If a Jinn asked me what wish I would like to be granted - I would ask that historical amnesia be erased from all peoples. Alon Levy does a great job reminding us of how other immigrants were viewed by Americans.
A couple of grafs to whet your appetite:
Islam and Christianity are so similar that they are almost, but not quite, the same religion. They're both monotheistic, with all the cultural implications this carries. They both have a progressive view of the world, in which good works and proselytization will create an increasingly better world. Their eschatologies are remarkably similar. Overall, Islam is hardly different from Protestant Christianity. It's entirely by accident that right now Muslim regions are more conservative and anti-democratic than Christian regions. Abstractly, there is nothing that prevents what is commonly called the West from eventually expanding as far south as the Sahara desert and as far east as Iran or even Pakistan and considering Islam as one of its two main religions. Just like there used to be a clearly defined Catholic West and a Protestant West, it makes sense to talk of a Christian West and a Muslim West.

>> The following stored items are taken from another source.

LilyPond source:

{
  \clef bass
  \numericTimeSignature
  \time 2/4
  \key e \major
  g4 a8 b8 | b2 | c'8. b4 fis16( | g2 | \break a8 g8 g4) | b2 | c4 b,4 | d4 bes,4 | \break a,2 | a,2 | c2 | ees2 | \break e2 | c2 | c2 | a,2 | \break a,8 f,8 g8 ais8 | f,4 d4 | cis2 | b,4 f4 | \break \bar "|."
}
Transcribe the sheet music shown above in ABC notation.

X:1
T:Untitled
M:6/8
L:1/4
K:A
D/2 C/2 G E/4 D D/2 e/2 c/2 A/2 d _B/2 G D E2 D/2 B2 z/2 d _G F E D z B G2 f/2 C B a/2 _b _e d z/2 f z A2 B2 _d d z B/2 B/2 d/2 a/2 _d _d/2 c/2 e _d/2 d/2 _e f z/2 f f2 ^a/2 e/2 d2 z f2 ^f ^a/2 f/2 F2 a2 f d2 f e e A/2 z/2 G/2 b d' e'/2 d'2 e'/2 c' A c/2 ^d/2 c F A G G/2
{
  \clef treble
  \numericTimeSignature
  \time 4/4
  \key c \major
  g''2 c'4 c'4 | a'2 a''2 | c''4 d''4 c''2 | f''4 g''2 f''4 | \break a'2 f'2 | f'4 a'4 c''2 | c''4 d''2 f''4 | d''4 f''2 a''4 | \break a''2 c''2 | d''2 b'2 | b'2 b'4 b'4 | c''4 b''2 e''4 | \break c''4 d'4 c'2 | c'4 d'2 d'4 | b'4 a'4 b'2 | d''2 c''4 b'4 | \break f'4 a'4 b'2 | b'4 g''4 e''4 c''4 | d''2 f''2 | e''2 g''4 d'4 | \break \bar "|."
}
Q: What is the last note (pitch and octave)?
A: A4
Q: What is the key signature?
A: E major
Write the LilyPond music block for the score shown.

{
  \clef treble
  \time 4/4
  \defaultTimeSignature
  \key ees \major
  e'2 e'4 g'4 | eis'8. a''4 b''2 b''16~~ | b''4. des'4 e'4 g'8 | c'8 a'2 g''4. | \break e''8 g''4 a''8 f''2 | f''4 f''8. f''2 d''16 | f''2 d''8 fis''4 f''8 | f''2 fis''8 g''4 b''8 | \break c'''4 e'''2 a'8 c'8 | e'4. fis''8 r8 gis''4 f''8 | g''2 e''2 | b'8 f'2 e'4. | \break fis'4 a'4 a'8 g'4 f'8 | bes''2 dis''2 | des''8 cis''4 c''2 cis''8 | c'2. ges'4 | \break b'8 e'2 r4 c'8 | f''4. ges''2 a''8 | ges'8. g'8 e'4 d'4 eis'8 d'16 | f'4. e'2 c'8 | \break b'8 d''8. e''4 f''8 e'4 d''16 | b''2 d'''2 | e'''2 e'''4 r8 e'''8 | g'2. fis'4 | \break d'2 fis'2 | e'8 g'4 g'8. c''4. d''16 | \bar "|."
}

More concretely, it's instructive to compare Muslims to Jews. When Jews started immigrating to the US from Eastern Europe en masse, they were significantly more conservative than Christians on most issues, including all of those that anti-Islamic Westerners consider now in their assessment of Islam. They were almost invariably ultra-Orthodox; secular European Jews typically accepted Zionism and emigrated to Israel or tried to assimilate into the surrounding mainstream culture. If the practices of ultra-Orthodox Jews in Israel today are any indication, these immigrants were insular, stayed in enclaves like Brooklyn Heights and Williamsburg, had birth rates that would put today's Arabs to shame, and treated women with about the same level of respect as Mormon polygamist sects. As late as 1963, Betty Friedan considered Jewish-Americans and Italian-Americans as examples of groups that were more patriarchal than mainstream America in The Feminine Mystique.